船は揺れるのだが、宙に浮いていられるヴァンパイアには関係がないらしい。


 突然ポッポーが俺の側まで降りてきて、そのまま船の先へと飛び出した。


「ん? 向こうに島が見えたぞ」


 セシリーはそう言ったけど、俺にはなんにも見えない。


「起きろ二人とも! どうやら着いたようだ」


 モンテ・クリス島から1時間強の距離か。

隠れ家にするには丁度良いかもしれない。

船室からシエラも呼んで上陸の準備を始めた。


 その島は三日月海岸のような長くて白い砂浜を持っていた。

島の外周は8キロくらいでモンテ・クリス島よりはずっと小さい。

哺乳類などは住んでいないようでもあった。


「ここも無人島だね」

「うむ。
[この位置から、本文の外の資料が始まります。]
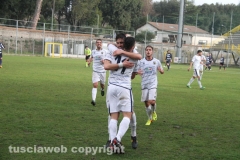 Viterbese-Caninese (7-0)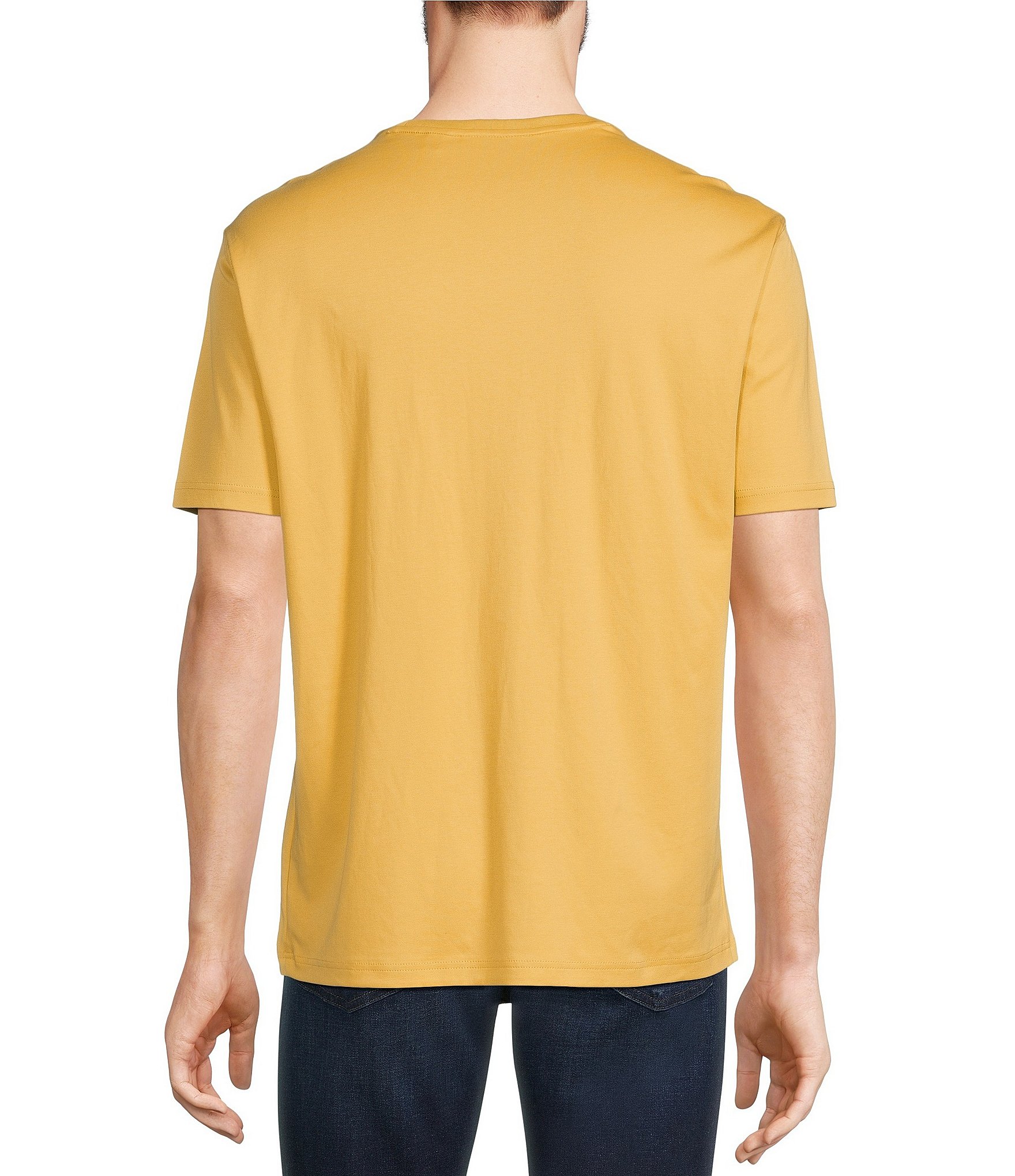 Murano Liquid Luxury Interlock Short Sleeve T-Shirt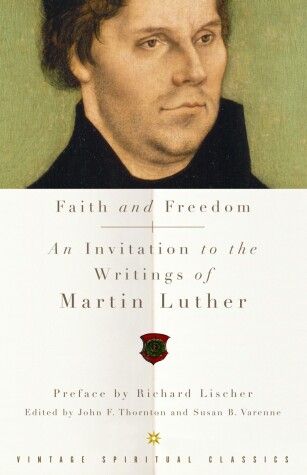 Book cover for Faith and Freedom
上空から確認したが人工物はどこにもなかった」


 安全確保のためにシエラが先行調査してくれたのだ。


「この島に名前を付けなければな。シロー、どうする?」


 そうだな……。


「モンテ・クリス島の西にあるから西島でいいんじゃない?」


 反対するものはいなかった。

ネーミングには関心のない一団なのだ。


「お昼はバーベキューにしようか」

「バーベキューってなんすか?」

「単に魚、肉、野菜を炭火で焼いた料理だよ。その代わり特製バーベキューソースを三種類用意してきたけどね」


 飲み物もたくさん持ってきたから皆で楽しくやればいいと思う。


「それだったら私が魚を突いてこよう」

「セシリーが? できるの?」

「私は海沿いの街で育ったのだ。これで銛の扱いには慣れている」


 言いながらセシリーはシャツを脱いだ。

おお、ありがたやダブルマウンテン! 至宝の山。


「自分もやるっす! お金がないときはよく魚や貝を捕って食べたっす」

「じゃあ、私も結界魔法で追い込み漁をしてみようかしら」


 ミーナやルージュも次々と脱ぎだす。

暑いから水に入りたいだけじゃないのか。


「つめたーい」

「うわあ、転ぶっす!」

「こらミーナ、胸に掴まるな」


 なんだか楽しそうだ……。

そういえば以前はよく海で泳いでいたよな。

最近は全然入っていない。

だって、俺が海水浴をすると冒険者たちが集まってきて大騒ぎになりそうなんだもん。

楽しそうだな、セシリーたち……。

よしっ!


「シ、シロー‼」


 驚くシエラを無視して、次々と服を脱いでマッパになった。

そう、最後の一枚も脱いじゃったもんね!


「シエラも行く?」

「お、おう……」


 勢いにつられたのかシエラもおずおずと服を脱ぎだした。

灼熱の太陽の下で全裸になるヴァンパイアを俺は初めて見たぞ。

これまでヌーディストビーチの良さって今一つ分からなかったんだけど、今この瞬間に理解した! 

いや、悟りを開いたぞ!

なにこの解放感!? 

最高じゃないか‼


「おーい! みんなぁー! 俺も行くぞぉ!」


 プラプラ揺れているのはわかっていたけど構わずに砂浜をかけて海へダイブした。


「シ、シ、シ。シロー!?」

「これは夢⁉」

「最高っす‼」


 南国はやっぱりビーチだよね! 

いろいろなことを忘れてお腹がすくまで子どものようにひたすら遊びまくった。

全員が全裸になって、頭の中は気持ちがいいほどに空っぽだった。